Provided entries
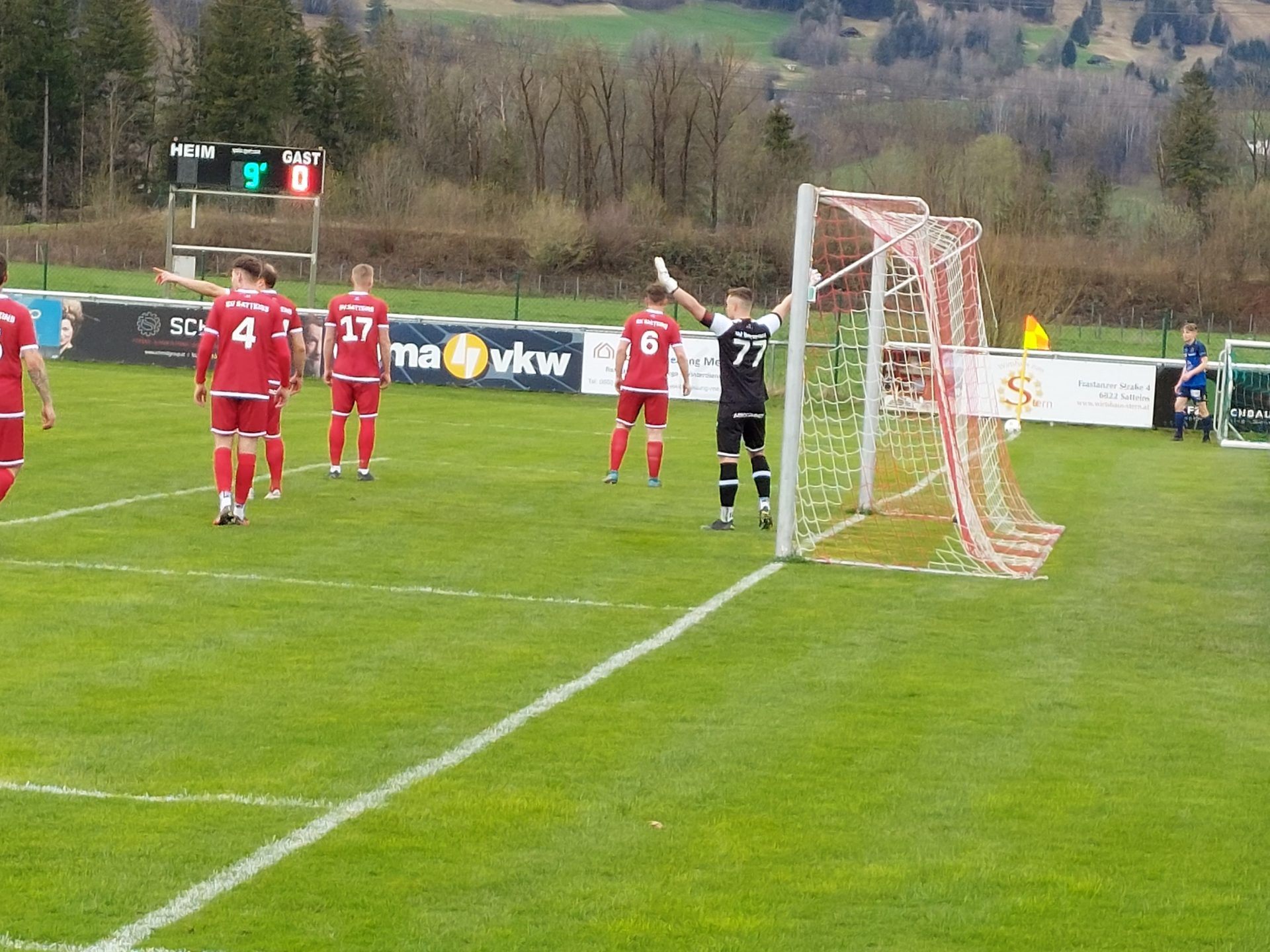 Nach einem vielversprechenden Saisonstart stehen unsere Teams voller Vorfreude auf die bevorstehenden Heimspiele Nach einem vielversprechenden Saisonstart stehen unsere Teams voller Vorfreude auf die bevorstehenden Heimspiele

---

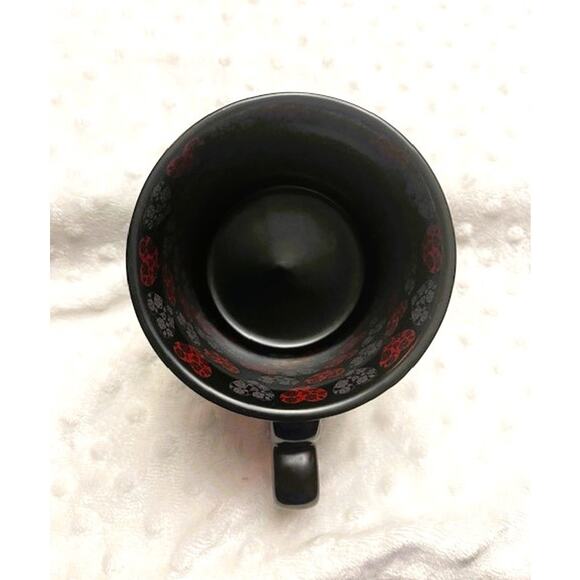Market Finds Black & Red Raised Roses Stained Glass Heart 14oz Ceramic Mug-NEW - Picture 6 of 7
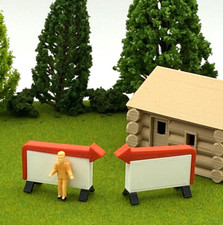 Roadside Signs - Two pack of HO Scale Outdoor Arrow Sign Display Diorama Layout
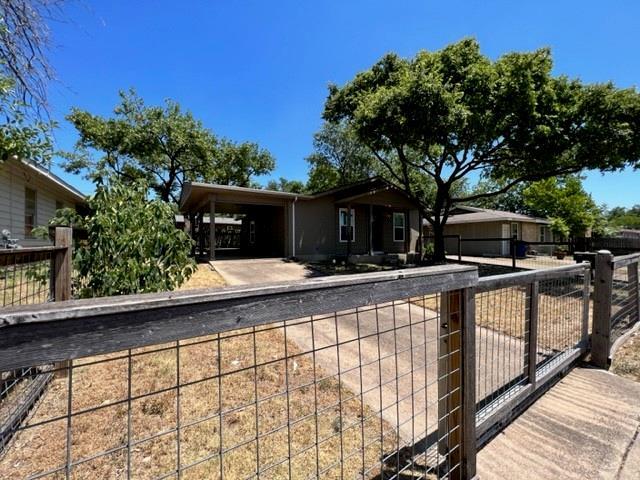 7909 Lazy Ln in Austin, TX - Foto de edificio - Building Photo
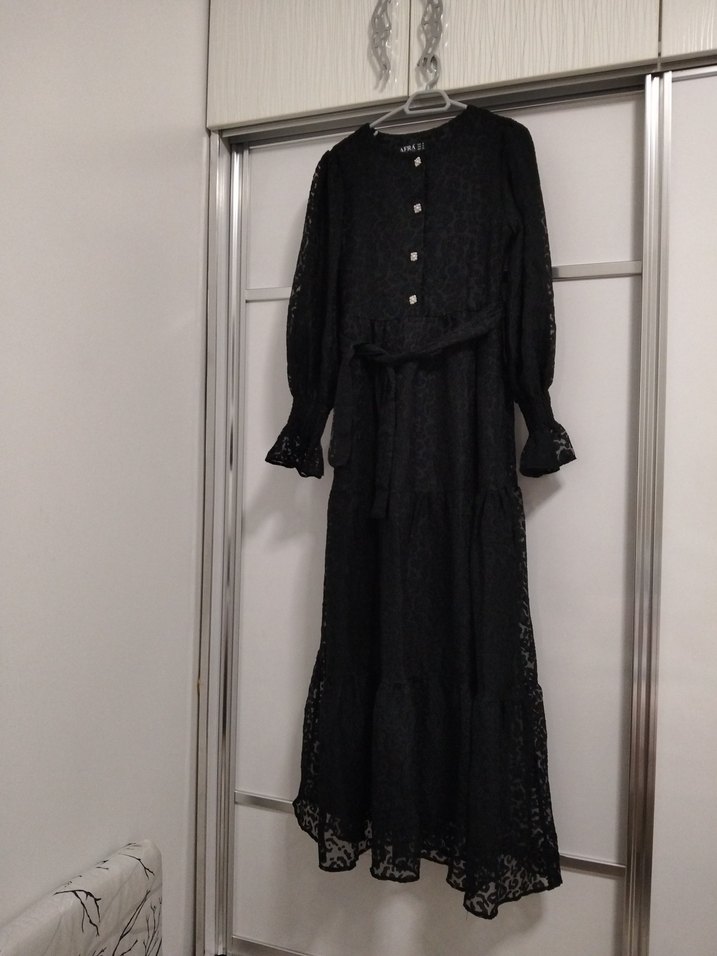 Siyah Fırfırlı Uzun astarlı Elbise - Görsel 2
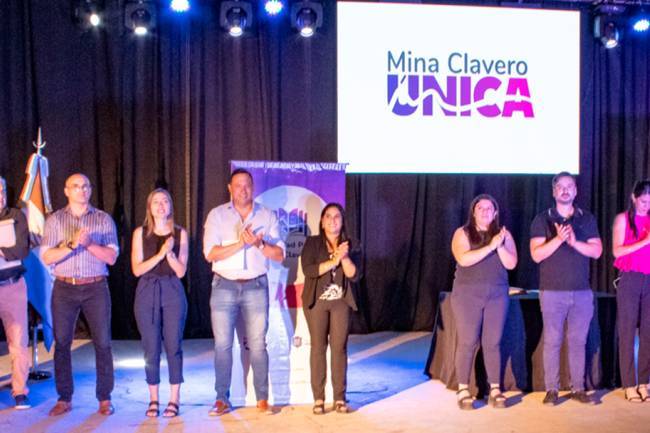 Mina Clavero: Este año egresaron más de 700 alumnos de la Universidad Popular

--

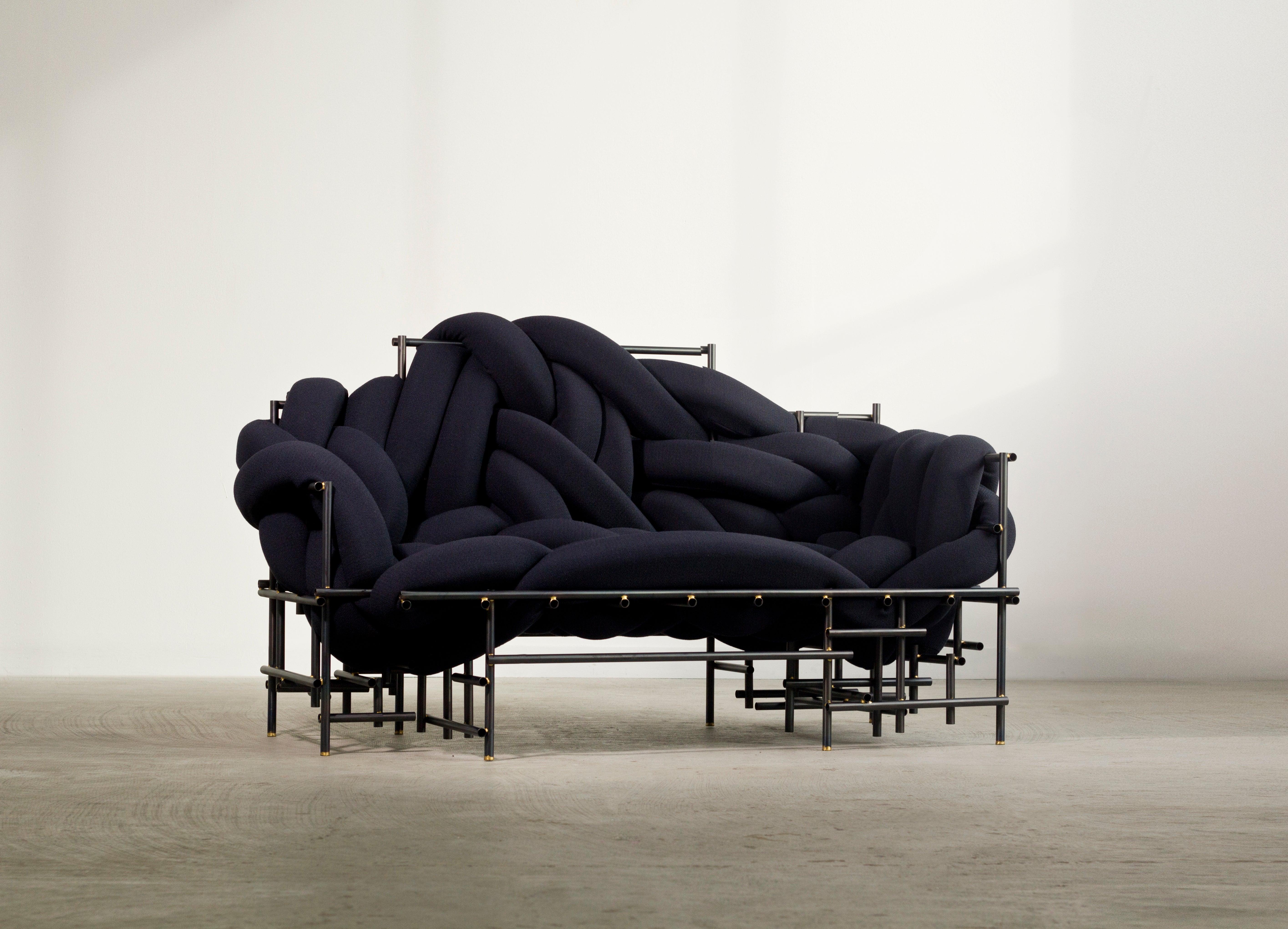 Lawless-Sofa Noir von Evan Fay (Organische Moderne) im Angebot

What needs to be done
Reproduce, word for word, everything in the listing above from the line containing "Siyah Fırfırlı Uzun" down to the line containing "Mina Clavero: Este", both of them included. No pictures.

Solution for this exercise
 Siyah Fırfırlı Uzun astarlı Elbise - Görsel 2
 Mina Clavero: Este año egresaron más de 700 alumnos de la Universidad Popular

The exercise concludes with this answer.